Siasat Agresif Grup Salim Kembali ke Bisnis Perbankan

Arief Kamaludin | Katadata
Direktur Utama PT Indofood Sukses Makmur Tbk, Anthoni Salim
Penulis: Syahrizal Sidik
29/3/2022, 11.41 WIB

"Bisnis perbankan di Indonesia secara marjin jauh lebih menguntungkan dibandingkan bank luar negeri. Tidak sedikit yang berminat, saya kira dari Salim juga sama saja," kata Panin, saat dihubungi Katadata.

Bank BCA (Arief Kamaludin (Katadata))

 

Jejak Salim di Bisnis Perbankan

Grup Salim memiliki sejarah yang panjang di bisnis keuangan Tanah Air, jauh sebelum dikenal sekarang lewat merek dagang Indomie.

Pendiri Grup Salim, konglomerat Liem Sioe Liong alias Sudono Salim pada 1957 silam membangun bisnis jasa pemberian kredit Bernama Central Bank Asia, bersama rekannya Mochtar Riady.
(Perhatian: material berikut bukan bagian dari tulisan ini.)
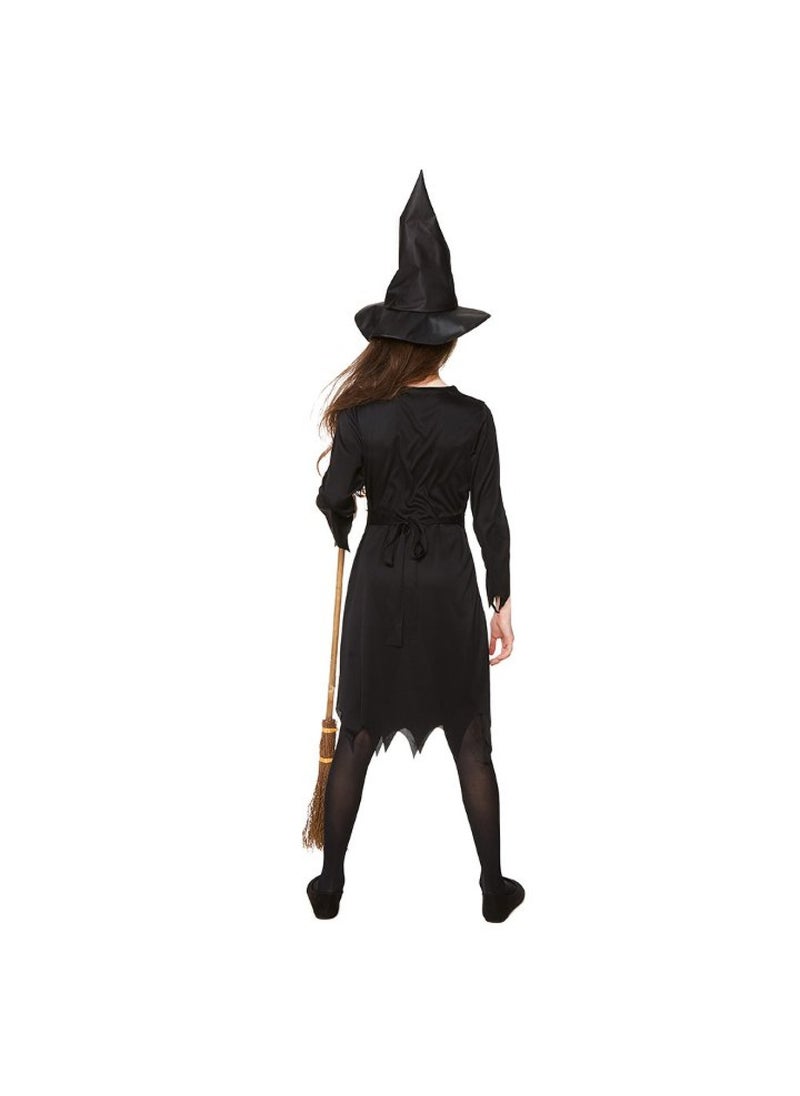 MAD TOYS Witch Sorceress Kids Halloween Costume Dress With Hat  - Image 2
Tiga tahun kemudian pada 1960 nama perusahaan resmi berubah menjadi Bank Central Asia atau yang sekarang dikenal sebagai BCA. Tak hanya besar dari bisnis perbankan, Grup Salim juga dikenal dengan bisnis makanan dan minuman lewat merek Indofood, ada juga bisnis penjualan mobil, semen, hingga swalayan. Kini, semua bisnis yang masuk dalam Grup Salim tersebut diwarisi Anthony Salim, anak ketiga Liem.

Rekan Sudono Salim, yakni Li Wen Cheng atau yang akrab disapa Mochtar Riady mulai masuk ke BCA pada 1975, usai mundur dari Bank Panin. Mochtar bergabung dengan BCA saat kondisi perbankan tersebut tidak terlalu baik.

Saat itu, bisnis perbankan Liem lebih dari satu, di antaranya Bank Windu Kencana dan Bank Asia alias BCA, ada pula Bank Dewa Ruci. Windu Kencana dikelola adik Soedono, yakni Liem Sioe Kong. Sementara itu, Dewa Ruci dipegang sepupunya, yaitu Liem Ban Tiong.

Hingga badai krisis ekonomi melanda Tanah Air pada tahun 1997-1998. Grup Salim harus menjual saham BCA karena menerima Bantuan Likuiditas Bank Indonesia (BLBI).

Singkatnya, BCA kemudian masuk dalam Bank Take Over (BTO), di mana melalui Badan Penyehatan Perbankan Nasional BPPN, 92,8 % saham BCA dikuasai pemerintah dan lepas dari genggaman Salim Group.